Come to me. That’s it. Simple? Yes. Easy? Not always. Jesus sees you. He hears your deepest thoughts and He understands your darkest aches. And what is His answer? Come to me.
Now verse 29 begs the question, “What is a yoke?”
A yoke is a wooden beam normally used between a pair of oxen or other animals, joining them together so they can combine their strength to pull a load that generally would have been too difficult for one animal to pull by itself.
Jesus invites you to partner with Him, to get in the yoke beside Him. He has accomplished the life-changing work on the cross. It is finished! We are never called to bear our burdens alone. But we must make the choice. Animals aren’t yoked up by accident or happenstance. It is a deliberate joining together. Stay connected to the source of strength and peace, and you will find rest for your souls.
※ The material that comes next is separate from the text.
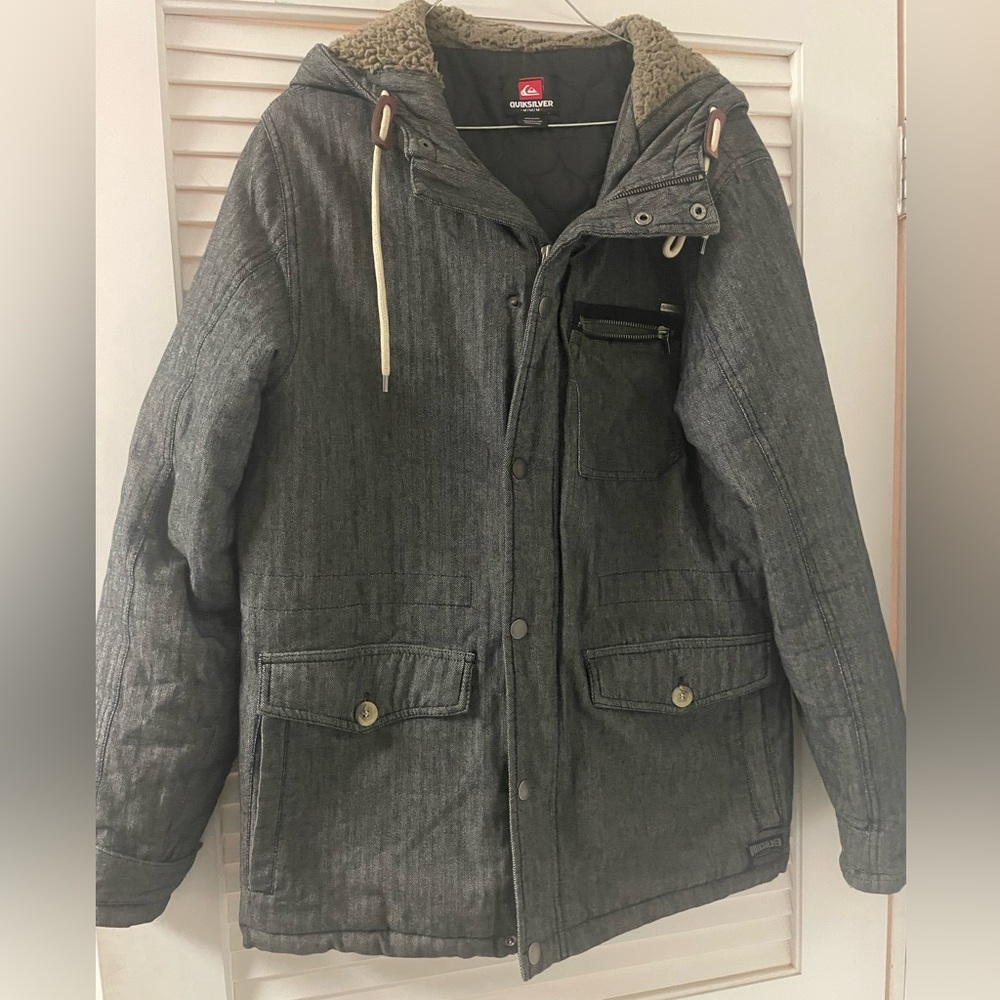 Mens quicksilver jacket size medium
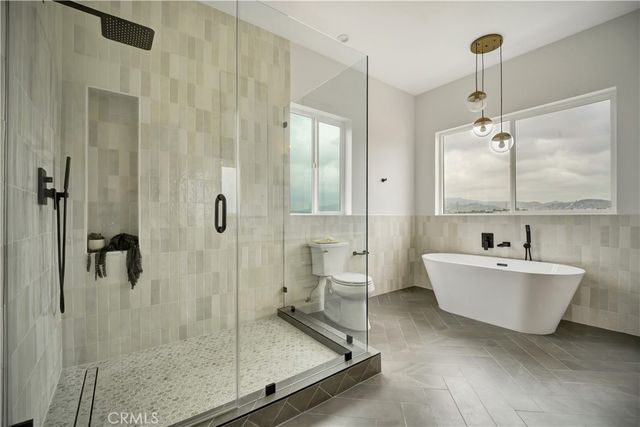 12519 Haleh Ln, Sylmar, CA 91342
Do you want that? Rest.
Corrie ten Boom said, “If you look at the world, you’ll be distressed. If you look within, you’ll be depressed. If you look at God you’ll be at rest.”
Psalm 91:1-2 says, “Whoever dwells in the shelter of the Most High will rest in the shadow of the Almighty. I will say of the Lord, “He is my refuge and my fortress, my God, in whom I trust.”
I want to focus on the word dwell. To dwell implies living somewhere with permanence. We don’t just pop in and say hello to the Lord a couple times a year or even just on Sundays. Going to church every week isn’t enough. In order to experience true rest, joy, and peace, we must dwell with the Lord. Jesus talks about this idea in John 15 when He says He is the vine and we are the branches. We must abide or remain in Him if we are to produce fruit and enjoy the peace that passes understanding. When we dwell with the Lord, He flows out of us and it impacts every area of our lives.
As we enter a busy holiday season, it can be so tempting to fill our days to the brim and neglect to spend time with the Lord. But when we’re busy, overwhelmed, stretched, and struggling, that’s exactly when we need the Lord the most. So next time you find yourself with 15 minutes to yourself – maybe it’s before your kids wake up, or after you put them down for a nap, or maybe it’s when they’re playing nicely and you don’t want to remind them you’re alive so you slide on your belly across the kitchen to your bedroom. Oh, am I the only one who has done that?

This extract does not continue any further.